- Task prompt -
Set down every entry again, exactly as it appears.

- Records for this exercise -
★ ★ ★ ★ ★ ★ ★
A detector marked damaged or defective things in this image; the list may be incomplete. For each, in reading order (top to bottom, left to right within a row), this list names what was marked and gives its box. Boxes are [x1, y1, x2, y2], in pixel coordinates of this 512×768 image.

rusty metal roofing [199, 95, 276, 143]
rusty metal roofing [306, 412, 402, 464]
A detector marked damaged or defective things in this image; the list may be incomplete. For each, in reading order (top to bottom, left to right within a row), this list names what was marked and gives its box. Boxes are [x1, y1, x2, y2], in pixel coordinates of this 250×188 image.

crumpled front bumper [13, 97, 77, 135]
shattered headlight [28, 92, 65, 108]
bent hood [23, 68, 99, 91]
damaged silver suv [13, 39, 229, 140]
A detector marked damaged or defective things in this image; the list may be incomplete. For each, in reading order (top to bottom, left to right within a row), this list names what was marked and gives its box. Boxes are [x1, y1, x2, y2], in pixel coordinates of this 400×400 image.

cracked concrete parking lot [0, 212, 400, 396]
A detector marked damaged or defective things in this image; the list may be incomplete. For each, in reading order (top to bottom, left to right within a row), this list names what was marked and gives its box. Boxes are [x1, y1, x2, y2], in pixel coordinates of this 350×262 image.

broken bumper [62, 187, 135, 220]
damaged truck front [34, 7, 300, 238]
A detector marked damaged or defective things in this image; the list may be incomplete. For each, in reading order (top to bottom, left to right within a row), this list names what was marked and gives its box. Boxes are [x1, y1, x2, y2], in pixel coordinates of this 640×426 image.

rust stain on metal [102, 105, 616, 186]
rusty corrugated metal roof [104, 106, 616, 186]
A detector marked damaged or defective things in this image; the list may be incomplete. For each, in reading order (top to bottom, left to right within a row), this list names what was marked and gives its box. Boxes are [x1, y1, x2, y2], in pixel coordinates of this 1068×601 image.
★ ★ ★ ★ ★ ★ ★
- Written reply -
A detector marked damaged or defective things in this image; the list may be incomplete. For each, in reading order (top to bottom, left to right within a row), this list names what was marked and gives its box. Boxes are [x1, y1, x2, y2], in pixel coordinates of this 512×768 image.

rusty metal roofing [199, 95, 276, 143]
rusty metal roofing [306, 412, 402, 464]
A detector marked damaged or defective things in this image; the list may be incomplete. For each, in reading order (top to bottom, left to right within a row), this list names what was marked and gives its box. Boxes are [x1, y1, x2, y2], in pixel coordinates of this 250×188 image.

crumpled front bumper [13, 97, 77, 135]
shattered headlight [28, 92, 65, 108]
bent hood [23, 68, 99, 91]
damaged silver suv [13, 39, 229, 140]
A detector marked damaged or defective things in this image; the list may be incomplete. For each, in reading order (top to bottom, left to right within a row), this list names what was marked and gives its box. Boxes are [x1, y1, x2, y2], in pixel coordinates of this 400×400 image.

cracked concrete parking lot [0, 212, 400, 396]
A detector marked damaged or defective things in this image; the list may be incomplete. For each, in reading order (top to bottom, left to right within a row), this list names what was marked and gives its box. Boxes are [x1, y1, x2, y2], in pixel coordinates of this 350×262 image.

broken bumper [62, 187, 135, 220]
damaged truck front [34, 7, 300, 238]
A detector marked damaged or defective things in this image; the list may be incomplete. For each, in reading order (top to bottom, left to right within a row), this list names what was marked and gives its box. Boxes are [x1, y1, x2, y2], in pixel coordinates of this 640×426 image.

rust stain on metal [102, 105, 616, 186]
rusty corrugated metal roof [104, 106, 616, 186]
A detector marked damaged or defective things in this image; the list may be incomplete. For each, in reading order (top to bottom, left to right within a row), this list names what was marked and gives its box. Boxes are [x1, y1, x2, y2], in pixel coordinates of this 1068×601 image.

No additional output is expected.